• **DIRECTIONS**
Each entry has to be given again in its exact wording, and no picture may appear in the result.

┌─ SUPPLIED DATA

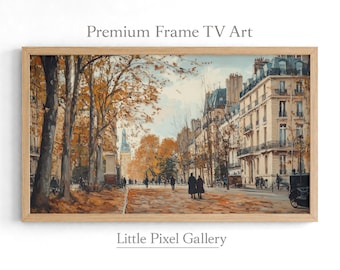 Könnte beinhalten: Ein rechteckiger digitaler Kunstdruck für einen Fernsehbildschirm, der eine Pariser Straßenszene im Herbst mit goldenen Bäumen, klassischen Steingebäuden und Fußgängern zeigt. Der Text Premium Frame TV Art und Little Pixel Gallery ist zu sehen.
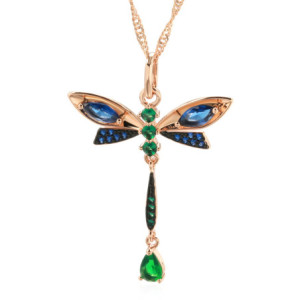 Vue générale Collier Pendentif Libellule Éclat des Jardins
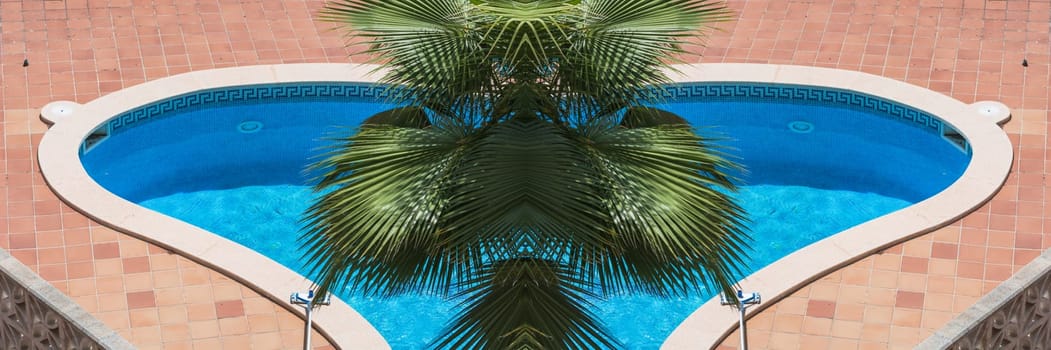Outdoor swimming pool,whirlpool with blue tiles and palm tree..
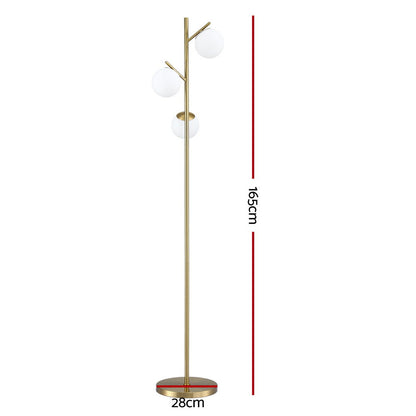 Artiss 3-Light Tree Floor Lamp 165cm Tall Standing Light with Sphere Glass Shades for Modern Homes-Home &amp; Garden > Lighting > Floor Lamps-PEROZ Accessories
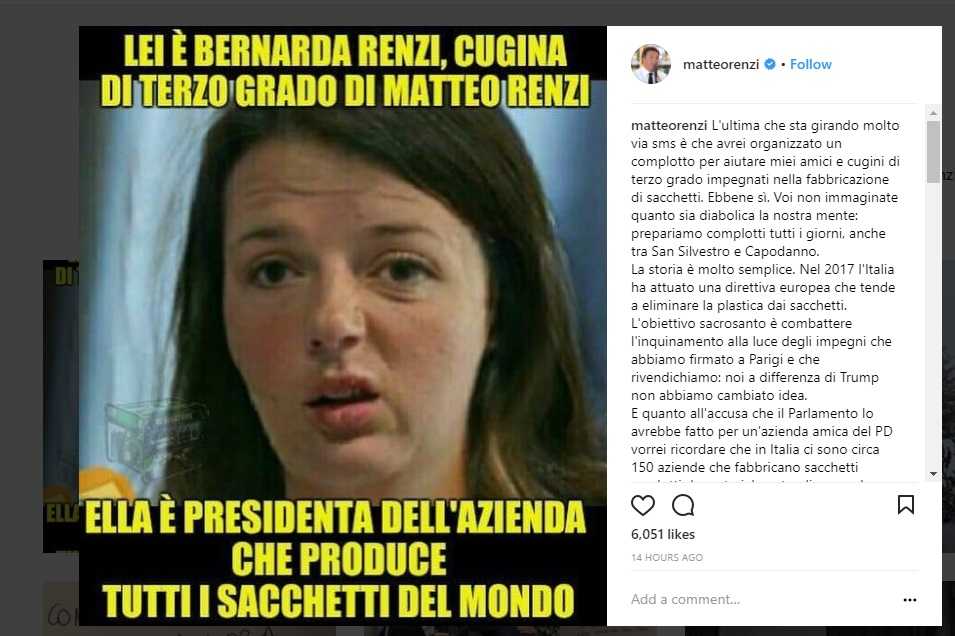 Matteo Renzi pubblica un meme di satira invece di una bufala sui sacchetti di plastica article-post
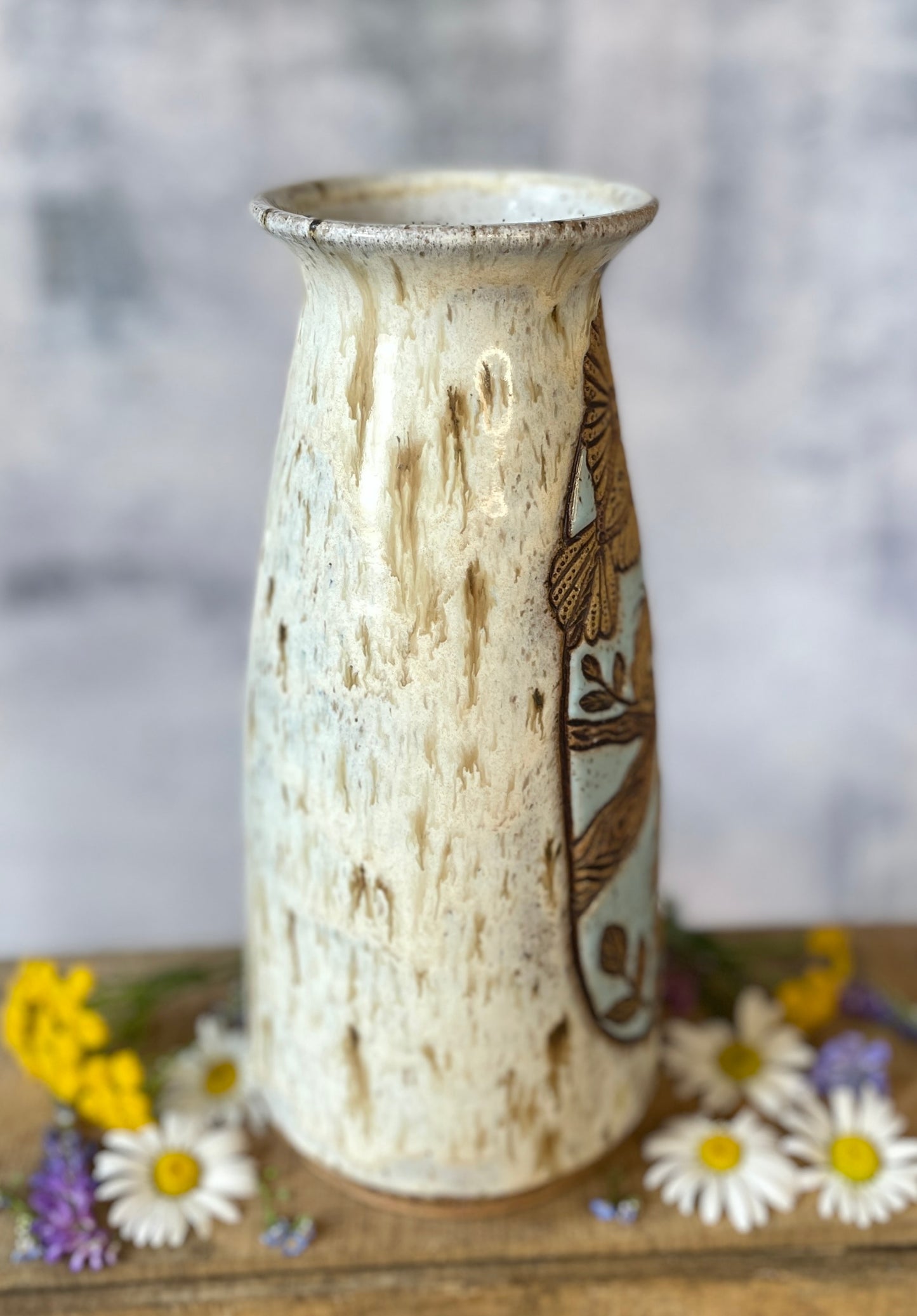 75. 9.5" Nesting Chickadees Vase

└─

• **ANSWER SECTION**
 Könnte beinhalten: Ein rechteckiger digitaler Kunstdruck für einen Fernsehbildschirm, der eine Pariser Straßenszene im Herbst mit goldenen Bäumen, klassischen Steingebäuden und Fußgängern zeigt. Der Text Premium Frame TV Art und Little Pixel Gallery ist zu sehen.
 Vue générale Collier Pendentif Libellule Éclat des Jardins
Outdoor swimming pool,whirlpool with blue tiles and palm tree..
 Artiss 3-Light Tree Floor Lamp 165cm Tall Standing Light with Sphere Glass Shades for Modern Homes-Home &amp; Garden > Lighting > Floor Lamps-PEROZ Accessories
 Matteo Renzi pubblica un meme di satira invece di una bufala sui sacchetti di plastica article-post
 75. 9.5" Nesting Chickadees Vase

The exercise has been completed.